Waiting for 50 test cases to run one-by-one gets old fast. Each LLM call takes 1-3 seconds, so a moderate test suite can take several minutes. That's why we built parallel test execution in Probefish.

The Problem with Sequential Testing

By default, tests run sequentially:

Test 1: 2.1s
Test 2: 1.8s
Test 3: 2.4s
Test 4: 1.9s
...
Test 50: 2.0s
────────────────
Total: ~100 seconds

This is safe and predictable, but slow. When you're iterating on prompts or running regression tests, every minute matters.

What We Built

Probefish now supports parallel test execution - run multiple tests simultaneously with configurable concurrency limits.

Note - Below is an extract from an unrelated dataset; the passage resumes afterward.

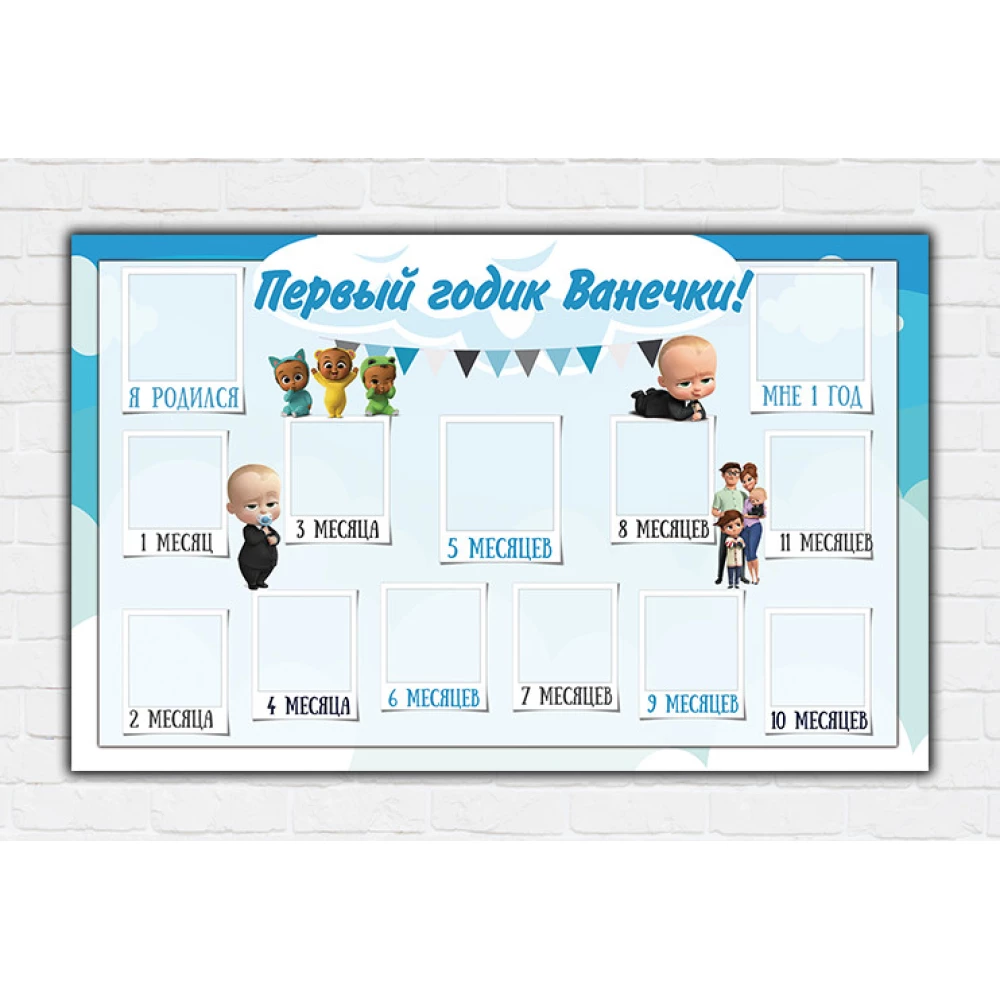 Плакат-коллаж “12 месяцев“ 120х75 см “Бос Молокосос“ 120х75 см (120х75 см) “Мій перший рочок“(Укр.)Голубий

Tests 1-5: Running in parallel... 2.4s (slowest)
Tests 6-10: Running in parallel... 2.1s
Tests 11-15: Running in parallel... 2.3s
...
────────────────
Total: ~20 seconds (5x faster)

Same tests, fraction of the time.


How It Works

Per-Suite Toggle

Enable parallel execution on any test suite:

PATCH /api/projects/{projectId}/test-suites/{suiteId}
{
  "parallelExecution": true
}

Or toggle it in the test suite settings UI.

Organization-Level Concurrency Limit

Your organization's maxConcurrentTests setting controls how many tests run simultaneously:

Setting Behavior
5 (default) 5 tests run at once
10 10 tests run at once
50 (max) 50 tests run at once

This prevents overwhelming your LLM provider's rate limits while still providing significant speedup.


Real-World Use Cases

1. Regression Testing on Pull Requests

You have 100 test cases validating your customer support prompt. Running them sequentially takes 3+ minutes.

Sequential: 100 tests × 2s avg = 200 seconds
Parallel (10 concurrent): 100 tests ÷ 10 = 10 batches × 2s = 20 seconds

Result: CI/CD feedback in 20 seconds instead of 3+ minutes. Developers stay in flow.


2. Multi-Model Comparison

Testing the same prompts across GPT-4, Claude, and Gemini? With sequential execution, comparing 30 test cases across 3 models takes:

Sequential: 30 tests × 3 models × 2s = 180 seconds

With parallel execution enabled on each comparison run:

Parallel (5 concurrent): ~36 seconds per model, 108 seconds total

Result: Compare models in under 2 minutes instead of 3.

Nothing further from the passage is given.